Crawled caption data
[Start of Attachment]

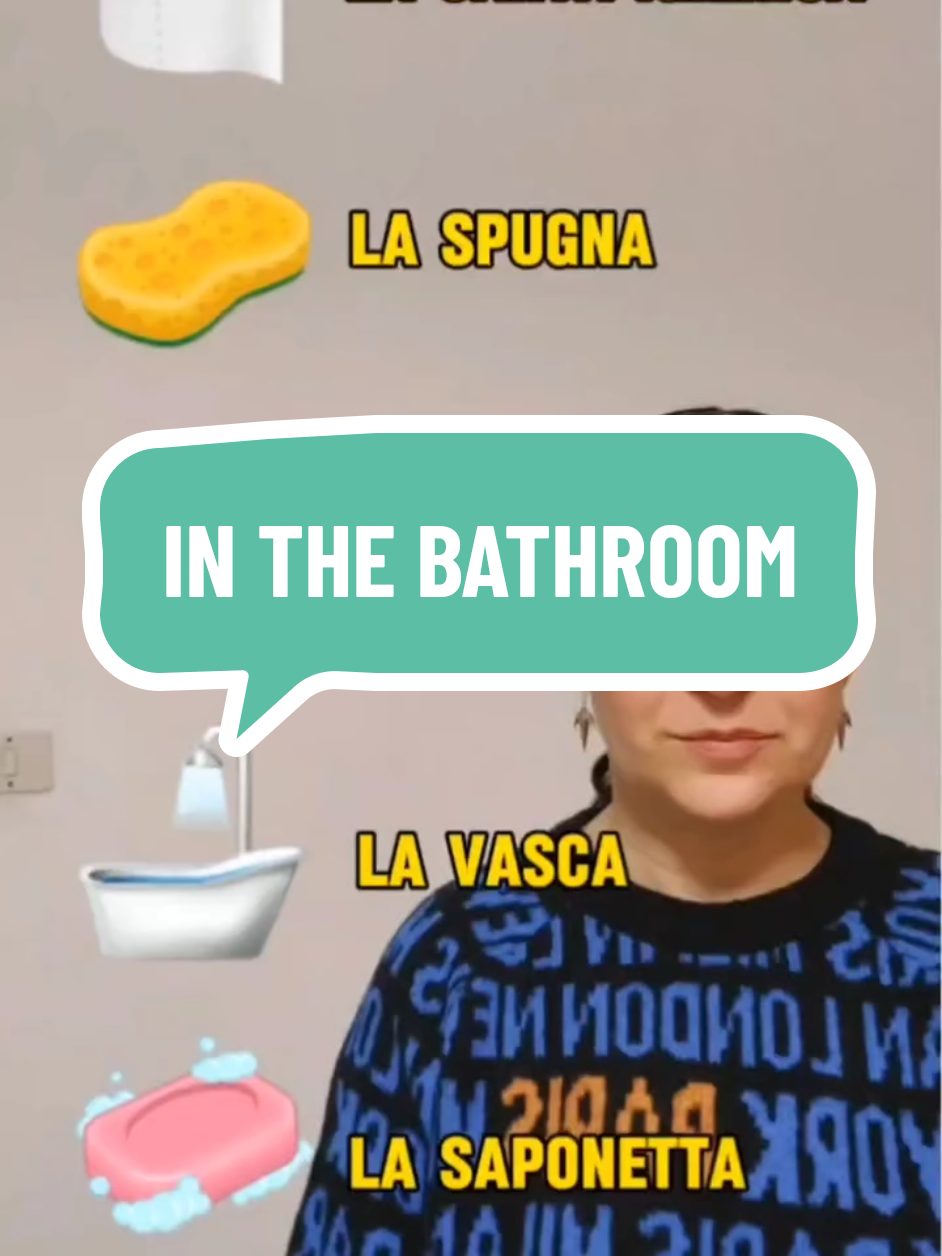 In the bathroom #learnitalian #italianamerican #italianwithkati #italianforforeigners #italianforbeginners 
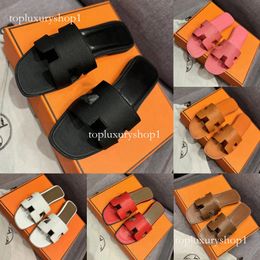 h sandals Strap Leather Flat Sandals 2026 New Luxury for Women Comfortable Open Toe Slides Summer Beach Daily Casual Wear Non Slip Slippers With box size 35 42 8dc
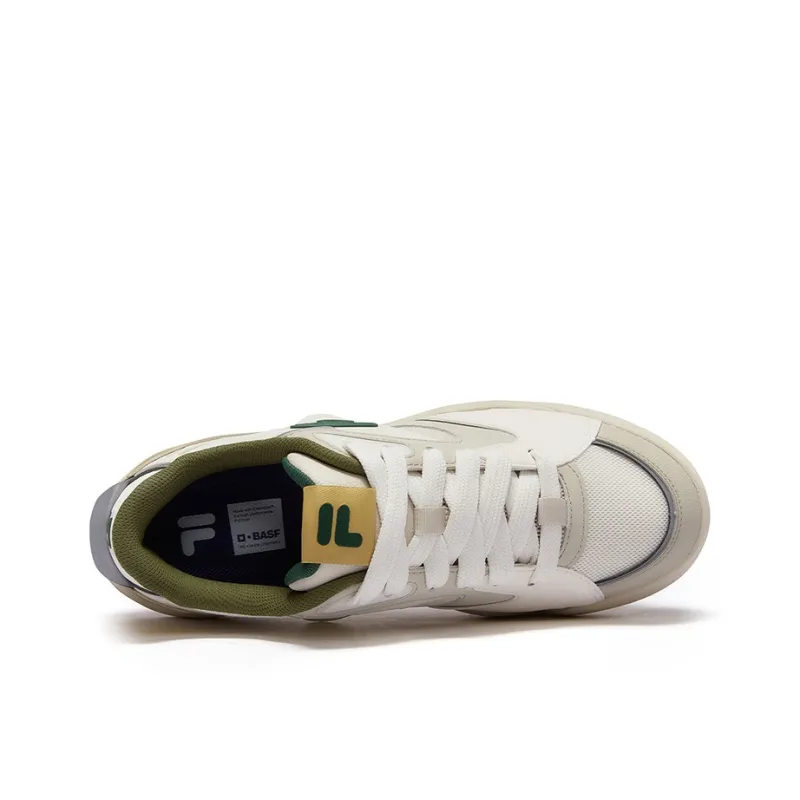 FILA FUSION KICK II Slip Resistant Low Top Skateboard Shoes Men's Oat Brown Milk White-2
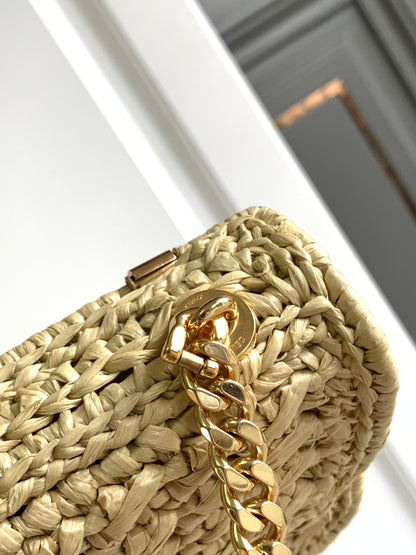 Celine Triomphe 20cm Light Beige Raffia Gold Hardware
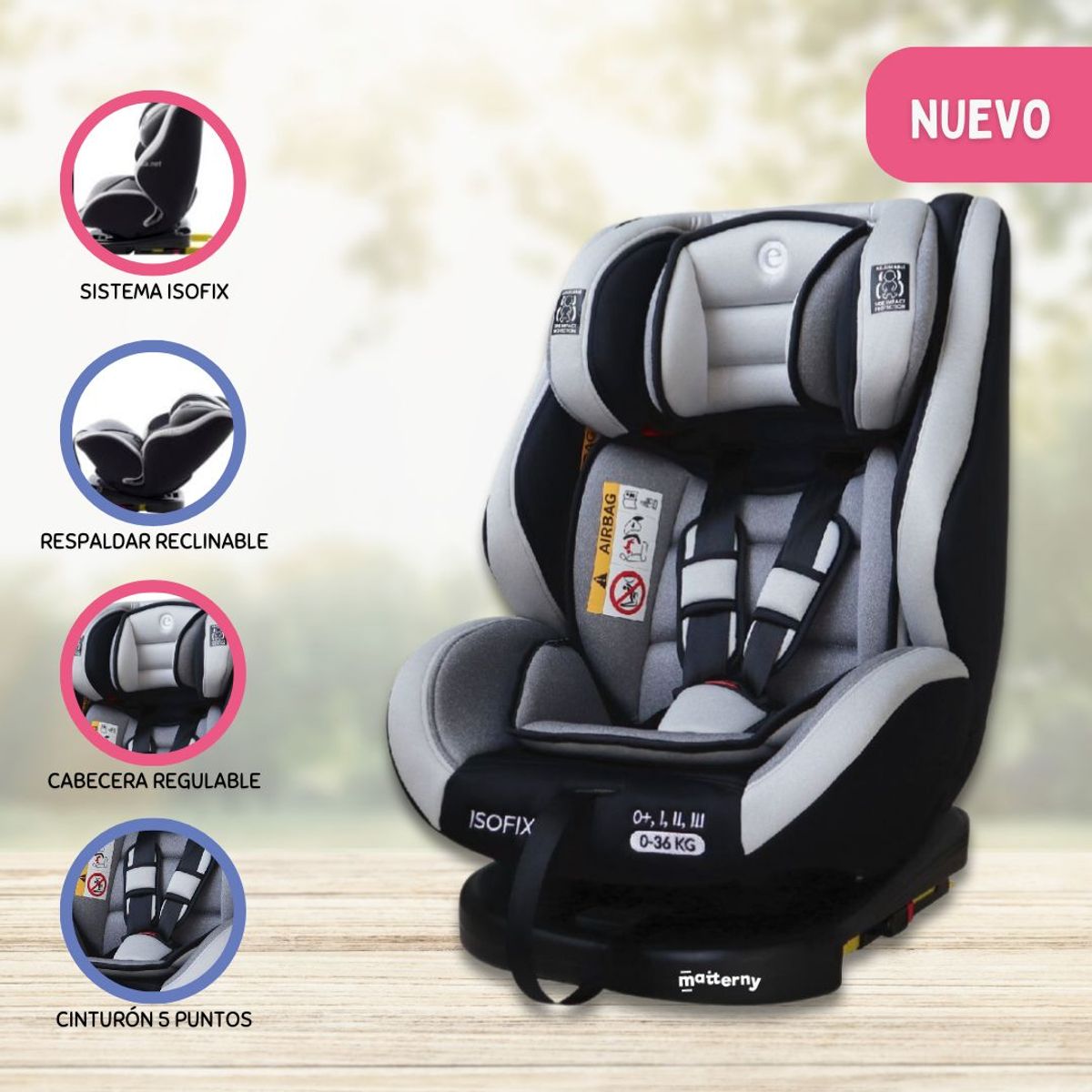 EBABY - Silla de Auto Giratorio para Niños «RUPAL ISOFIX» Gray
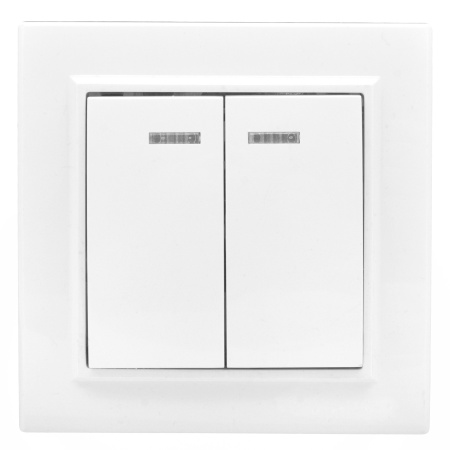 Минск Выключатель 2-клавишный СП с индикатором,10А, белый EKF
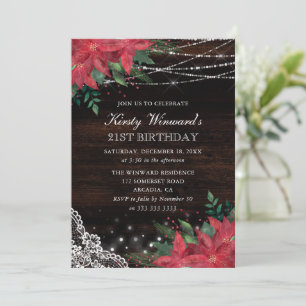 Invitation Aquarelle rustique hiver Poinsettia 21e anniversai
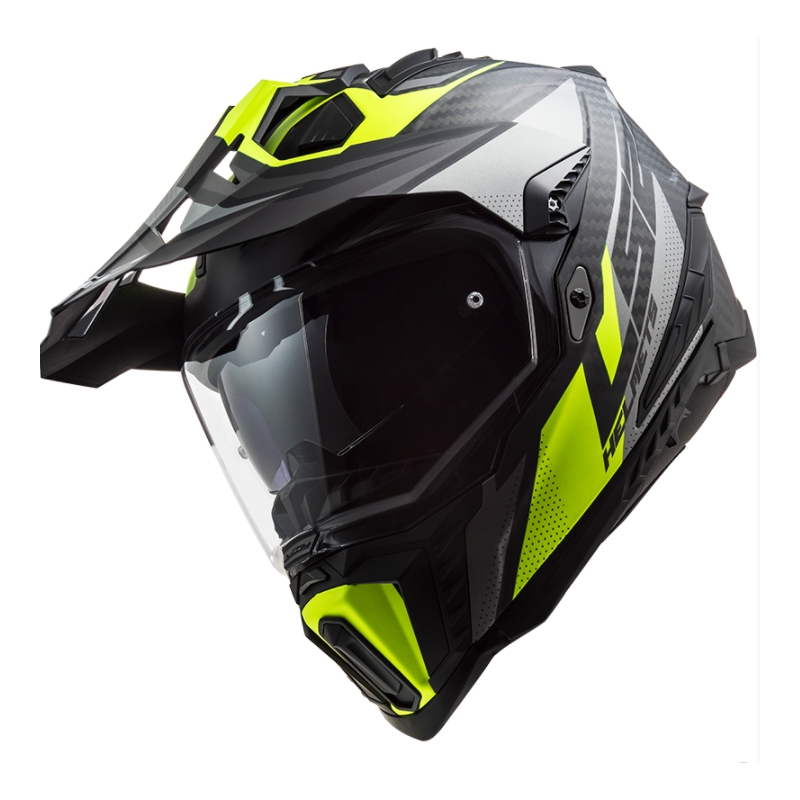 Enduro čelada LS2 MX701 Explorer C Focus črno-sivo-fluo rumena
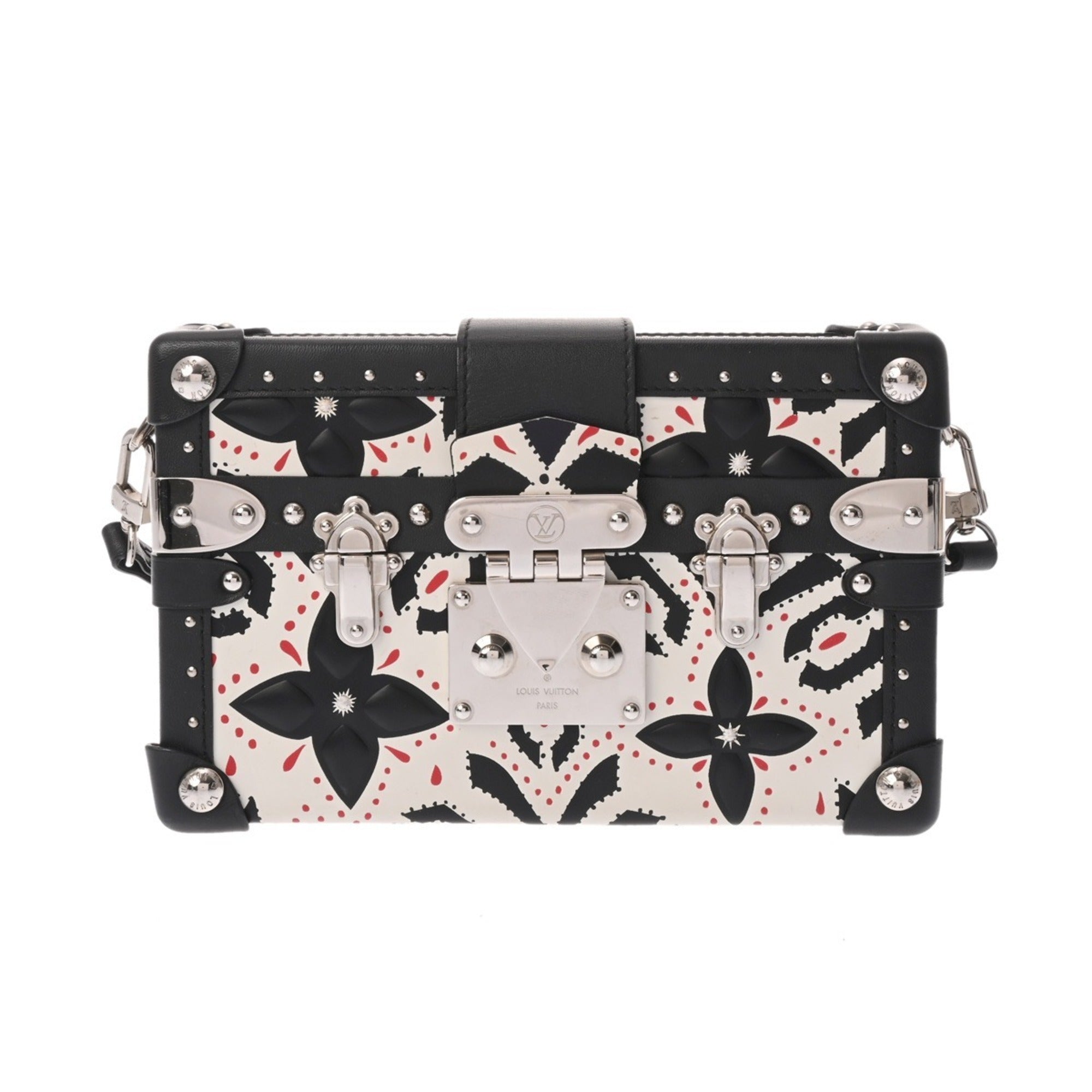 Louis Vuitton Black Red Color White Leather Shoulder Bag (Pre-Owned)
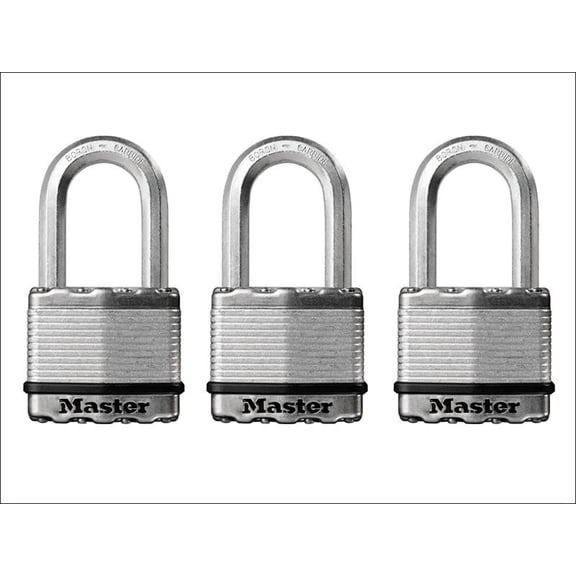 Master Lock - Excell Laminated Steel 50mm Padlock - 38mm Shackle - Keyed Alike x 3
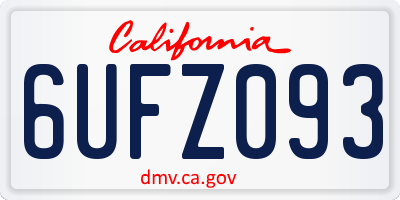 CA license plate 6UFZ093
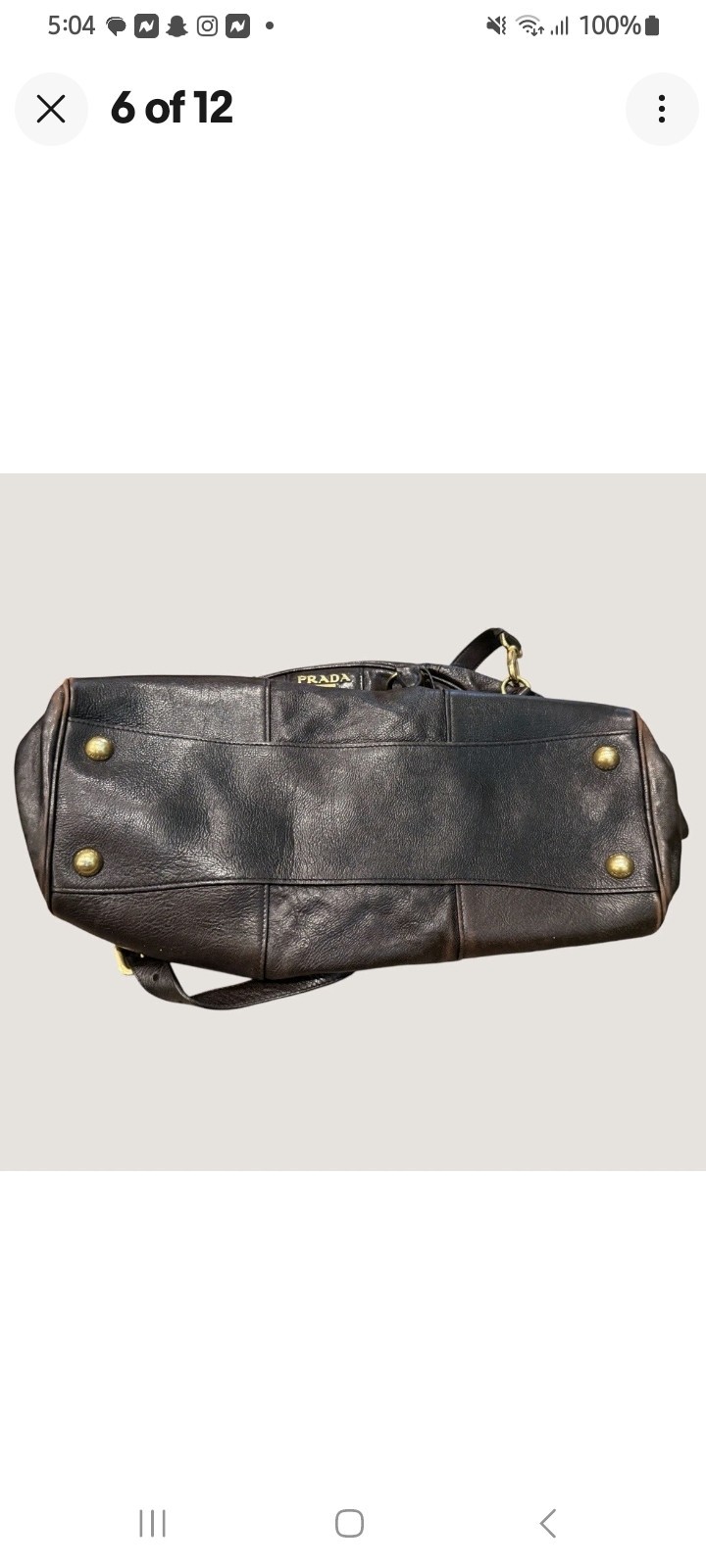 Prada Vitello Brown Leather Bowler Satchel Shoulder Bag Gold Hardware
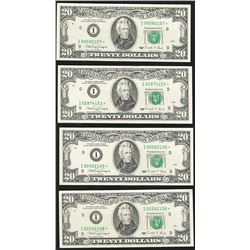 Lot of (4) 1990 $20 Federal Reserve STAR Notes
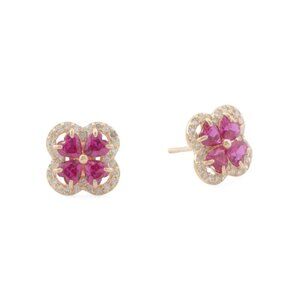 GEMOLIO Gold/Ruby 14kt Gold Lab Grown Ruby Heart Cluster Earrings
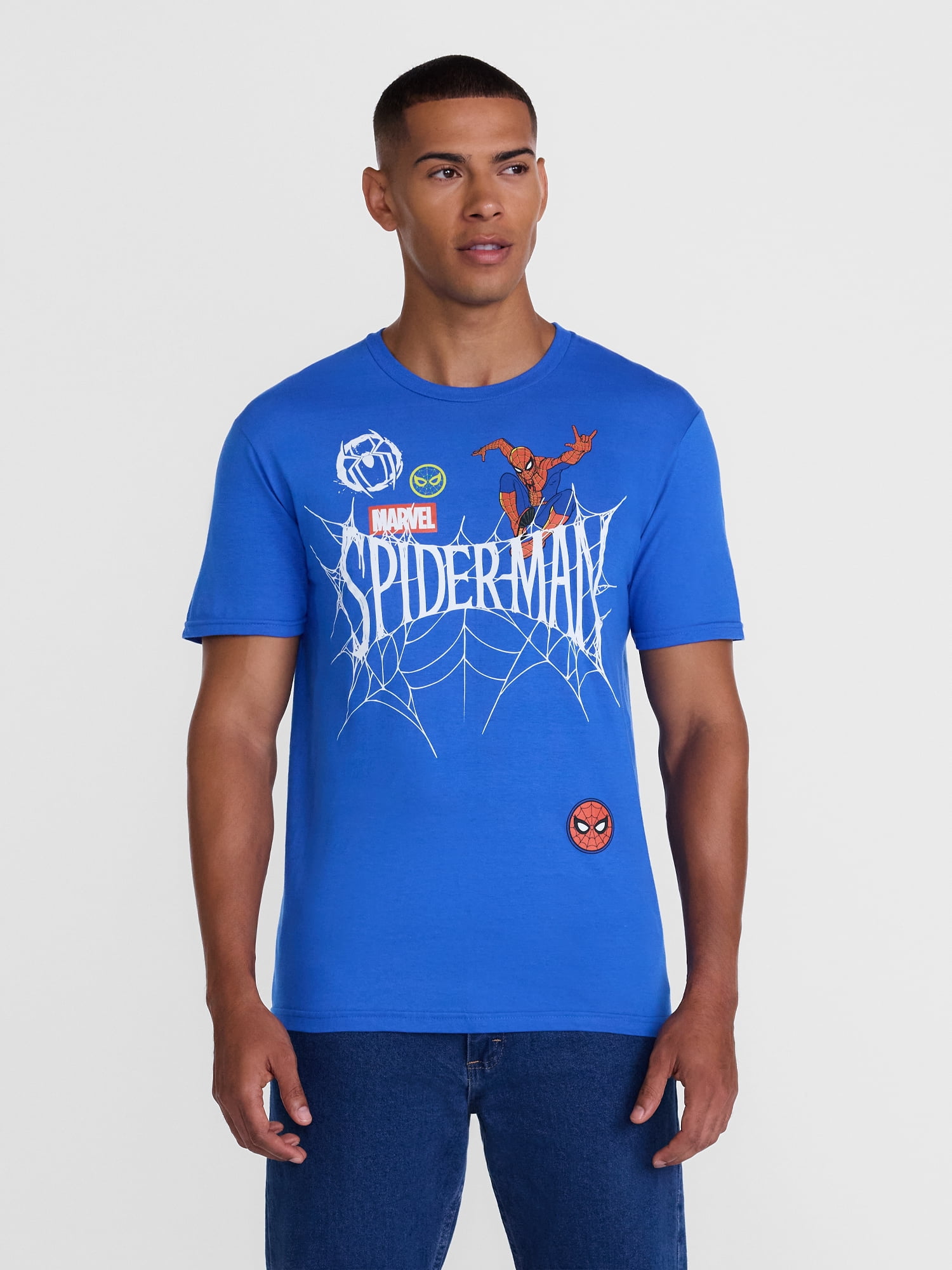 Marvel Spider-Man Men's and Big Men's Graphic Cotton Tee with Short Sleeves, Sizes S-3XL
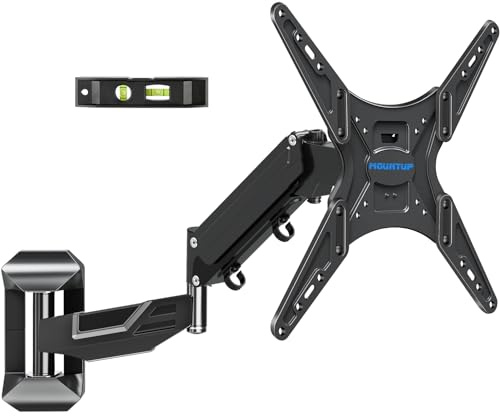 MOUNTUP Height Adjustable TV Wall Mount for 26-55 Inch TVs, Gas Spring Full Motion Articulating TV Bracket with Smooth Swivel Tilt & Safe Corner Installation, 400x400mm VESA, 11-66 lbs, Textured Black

[End of Attachment]

WORK REQUIRED:
Please print all of the records above exactly, omitting each picture.

ANSWER TO THIS EXERCISE:
 In the bathroom #learnitalian #italianamerican #italianwithkati #italianforforeigners #italianforbeginners 
 h sandals Strap Leather Flat Sandals 2026 New Luxury for Women Comfortable Open Toe Slides Summer Beach Daily Casual Wear Non Slip Slippers With box size 35 42 8dc
 FILA FUSION KICK II Slip Resistant Low Top Skateboard Shoes Men's Oat Brown Milk White-2
 Celine Triomphe 20cm Light Beige Raffia Gold Hardware
 EBABY - Silla de Auto Giratorio para Niños «RUPAL ISOFIX» Gray
 Минск Выключатель 2-клавишный СП с индикатором,10А, белый EKF
 Invitation Aquarelle rustique hiver Poinsettia 21e anniversai
 Enduro čelada LS2 MX701 Explorer C Focus črno-sivo-fluo rumena
 Louis Vuitton Black Red Color White Leather Shoulder Bag (Pre-Owned)
 Master Lock - Excell Laminated Steel 50mm Padlock - 38mm Shackle - Keyed Alike x 3
 CA license plate 6UFZ093
 Prada Vitello Brown Leather Bowler Satchel Shoulder Bag Gold Hardware
 Lot of (4) 1990 $20 Federal Reserve STAR Notes
 GEMOLIO Gold/Ruby 14kt Gold Lab Grown Ruby Heart Cluster Earrings
 Marvel Spider-Man Men's and Big Men's Graphic Cotton Tee with Short Sleeves, Sizes S-3XL
 MOUNTUP Height Adjustable TV Wall Mount for 26-55 Inch TVs, Gas Spring Full Motion Articulating TV Bracket with Smooth Swivel Tilt & Safe Corner Installation, 400x400mm VESA, 11-66 lbs, Textured Black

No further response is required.